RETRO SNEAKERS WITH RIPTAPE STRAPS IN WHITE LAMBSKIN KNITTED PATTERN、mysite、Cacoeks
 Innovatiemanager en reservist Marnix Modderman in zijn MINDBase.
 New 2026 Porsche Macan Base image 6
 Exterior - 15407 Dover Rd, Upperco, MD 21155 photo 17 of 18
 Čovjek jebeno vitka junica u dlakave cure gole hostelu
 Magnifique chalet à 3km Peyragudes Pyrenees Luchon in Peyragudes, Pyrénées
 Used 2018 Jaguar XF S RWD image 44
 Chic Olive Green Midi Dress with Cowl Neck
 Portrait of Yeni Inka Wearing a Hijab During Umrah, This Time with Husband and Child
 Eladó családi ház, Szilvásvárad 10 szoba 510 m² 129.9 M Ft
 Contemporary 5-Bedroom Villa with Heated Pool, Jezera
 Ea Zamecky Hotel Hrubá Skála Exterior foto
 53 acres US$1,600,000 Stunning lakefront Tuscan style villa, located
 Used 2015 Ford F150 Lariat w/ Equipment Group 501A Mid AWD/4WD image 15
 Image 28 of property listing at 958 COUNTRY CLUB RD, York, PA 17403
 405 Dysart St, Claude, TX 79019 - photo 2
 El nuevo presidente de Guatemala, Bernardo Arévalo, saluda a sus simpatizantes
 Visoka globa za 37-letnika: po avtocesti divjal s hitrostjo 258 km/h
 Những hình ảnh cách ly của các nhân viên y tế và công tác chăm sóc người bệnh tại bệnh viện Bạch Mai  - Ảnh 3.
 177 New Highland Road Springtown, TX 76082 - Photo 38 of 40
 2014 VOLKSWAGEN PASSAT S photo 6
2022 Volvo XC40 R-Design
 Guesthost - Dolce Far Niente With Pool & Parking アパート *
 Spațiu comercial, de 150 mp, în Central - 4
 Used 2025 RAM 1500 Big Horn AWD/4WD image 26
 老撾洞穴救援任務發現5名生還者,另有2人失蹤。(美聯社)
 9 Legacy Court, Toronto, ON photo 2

┄┄┄┄┄┄

» How to complete this task
Without omitting anything, reproduce the whole of the data.

» The answer
RETRO SNEAKERS WITH RIPTAPE STRAPS IN WHITE LAMBSKIN KNITTED PATTERN、mysite、Cacoeks
 Innovatiemanager en reservist Marnix Modderman in zijn MINDBase.
 New 2026 Porsche Macan Base image 6
 Exterior - 15407 Dover Rd, Upperco, MD 21155 photo 17 of 18
 Čovjek jebeno vitka junica u dlakave cure gole hostelu
 Magnifique chalet à 3km Peyragudes Pyrenees Luchon in Peyragudes, Pyrénées
 Used 2018 Jaguar XF S RWD image 44
 Chic Olive Green Midi Dress with Cowl Neck
 Portrait of Yeni Inka Wearing a Hijab During Umrah, This Time with Husband and Child
 Eladó családi ház, Szilvásvárad 10 szoba 510 m² 129.9 M Ft
 Contemporary 5-Bedroom Villa with Heated Pool, Jezera
 Ea Zamecky Hotel Hrubá Skála Exterior foto
 53 acres US$1,600,000 Stunning lakefront Tuscan style villa, located
 Used 2015 Ford F150 Lariat w/ Equipment Group 501A Mid AWD/4WD image 15
 Image 28 of property listing at 958 COUNTRY CLUB RD, York, PA 17403
 405 Dysart St, Claude, TX 79019 - photo 2
 El nuevo presidente de Guatemala, Bernardo Arévalo, saluda a sus simpatizantes
 Visoka globa za 37-letnika: po avtocesti divjal s hitrostjo 258 km/h
 Những hình ảnh cách ly của các nhân viên y tế và công tác chăm sóc người bệnh tại bệnh viện Bạch Mai  - Ảnh 3.
 177 New Highland Road Springtown, TX 76082 - Photo 38 of 40
 2014 VOLKSWAGEN PASSAT S photo 6
2022 Volvo XC40 R-Design
 Guesthost - Dolce Far Niente With Pool & Parking アパート *
 Spațiu comercial, de 150 mp, în Central - 4
 Used 2025 RAM 1500 Big Horn AWD/4WD image 26
 老撾洞穴救援任務發現5名生還者,另有2人失蹤。(美聯社)
 9 Legacy Court, Toronto, ON photo 2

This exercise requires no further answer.